IRC channel logs

2021-02-03.log

back to list of logs

<Sheilong>Hello. How can I convert an integer to a bit vector
<chrislck>example?
<RhodiumToad>that actually looks surprisingly hard
<Sheilong>transform an interger in the range 0-255 into a bitvector of 8 bits. E.g (convert 15) => #*00001111
<justin_smith>yeah, I was surprised to see that isn't built in
<justin_smith>you might find that bit-extract helps, it gives the value of some range of bits inside an int
<Sheilong>I wrote a procedure to calculate the hamming distance between two string, so I have had to write a procedure to count the bits on given an integer, but since I saw that there was a bitvector with a builtin bitcount I've been trying to figure out how to convert an int to that.
<RhodiumToad>there's logcount for integers, no?
<spk121>if you just want the count of the 1 bits, there's a 'bit-count' in srfi-60
<RhodiumToad>that's the same as logcount in core
<Sheilong>spk121: Yes. But bit-count expects a bitvector as input
<RhodiumToad>bit-count in srfi-60 is not bit-count in core
<RhodiumToad>speaking of bit operations, I noticed when doing those hex routines a while back that using srfi-60 came with a substantial performance hit
<RhodiumToad>it looked like the builtins were being compiled to bytecode primitives while the exact same functions used from srfi-60 were not
<Sheilong>How do I compare equality among characters?
<Sheilong>(= #\a #\b) <unnamed port>:2798:0: In procedure =: Wrong type argument in position 1: #\a
<Sheilong>Just found on documentation
<RhodiumToad>eqv? or char=?
<Sheilong>char=?
<Sheilong>I did some bitwise on 8bit integers but I am getting results that are bigger than 8 bits
<RhodiumToad>chars are not bytes
<RhodiumToad>what did you do?
<Sheilong>I convert a base 64 string to a list of chars, then convert the chars to integers, and save them in a bytevector. After that, I try to decode it back to original base.
<Sheilong>But I think I did something wrong in the bitwise operations
<Sheilong> https://paste.ofcode.org/Q3AUgzVRckzBgfddwRUQ9Y
<RhodiumToad>you know you can convert a string straight to a bytevector?

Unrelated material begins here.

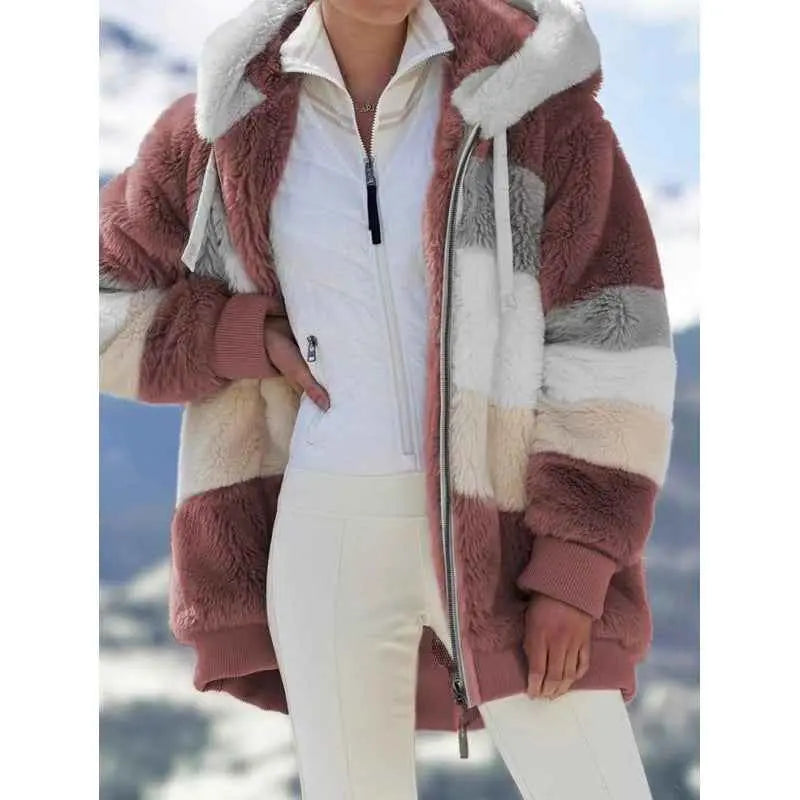 Womens Warm Hooded Loose-fitting Coat With Zippered Pockets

<Sheilong>RhodiumToad: I didn't
<RhodiumToad>for something like base64 (or hex) where you know all the valid data is plain ascii, use string->utf8
<Sheilong>I confess that I looked by it in the documentation but did not found it before.
<RhodiumToad>that gives you a bytevector with the utf8 representation of the string, which will be all-ASCII if the original string was
<Sheilong>Ahhh, I used that before, but I got an error when I needed to do a xor operation with a key against a set of strings.

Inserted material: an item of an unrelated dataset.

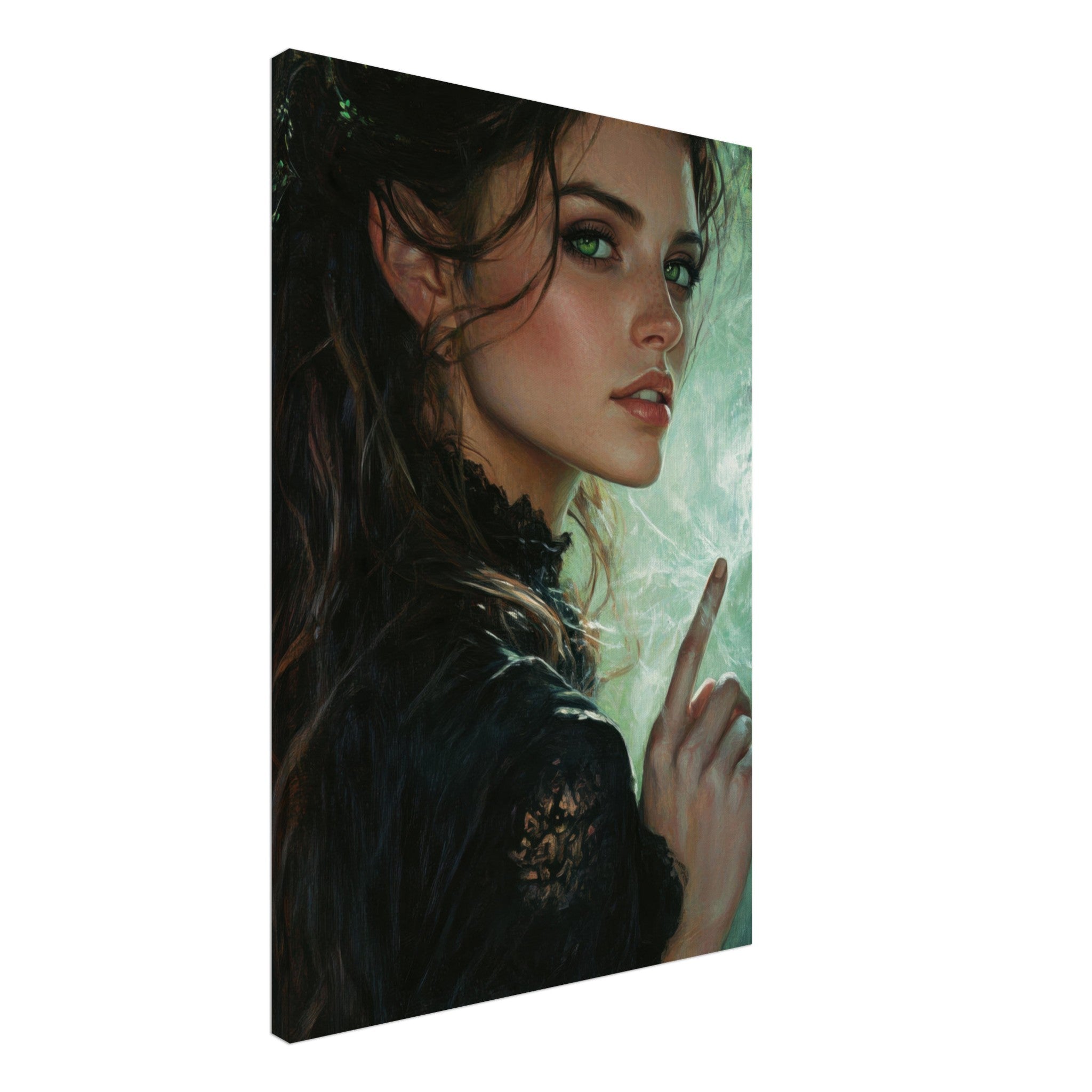 Canvas Portrait - The Fae Sorceress of the Emerald Woods Oil Faint 6 - Shop Ai Art WebShop - Digital Art online Store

<RhodiumToad>what has that got to do with it?
<Sheilong>RhodiumToad: Is there a way to work with integers as 8-bit ints? When I extract an int from the bytevector it lost the 8-bit representation.

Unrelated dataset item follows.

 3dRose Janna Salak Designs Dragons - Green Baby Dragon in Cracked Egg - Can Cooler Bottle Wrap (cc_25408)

<RhodiumToad>when you extract it, it becomes just an integer
<RhodiumToad>scheme integers don't have a size as such
<Sheilong>So the only way would be using a MASK
<RhodiumToad>you want to do things like left shifts discarding all but the low 8 bits?
<RhodiumToad>then yes, use a mask
<Sheilong>RhodiumToad: That's it
<Sheilong>RhodiumToad: I am too stupid! When I encoded a string to base 64, the result of bitwise operations were indexes to the base 64 character table. Now to do the reverse operation, I was doing the bitwise operation on the decimal character representation instead of the index...
***wxie1 is now known as wxie
<theruran>can Guile 3.0 handle the nanopass framework Scheme code?
<Sheilong>Is there a built in procedure that counts occurrences of character in a string or in a list?
<RhodiumToad>yes
<RhodiumToad>string-count for strings
<RhodiumToad>for lists you could use a fold if there isn't any specific function for it
<RhodiumToad>ah, srfi-1 has a (count)
<Sheilong>RhodiumToad: Thanks so much. String-count suffices for now.
<RhodiumToad>so (string-count str #\a) or (count (cut eqv? <> #\a) lst)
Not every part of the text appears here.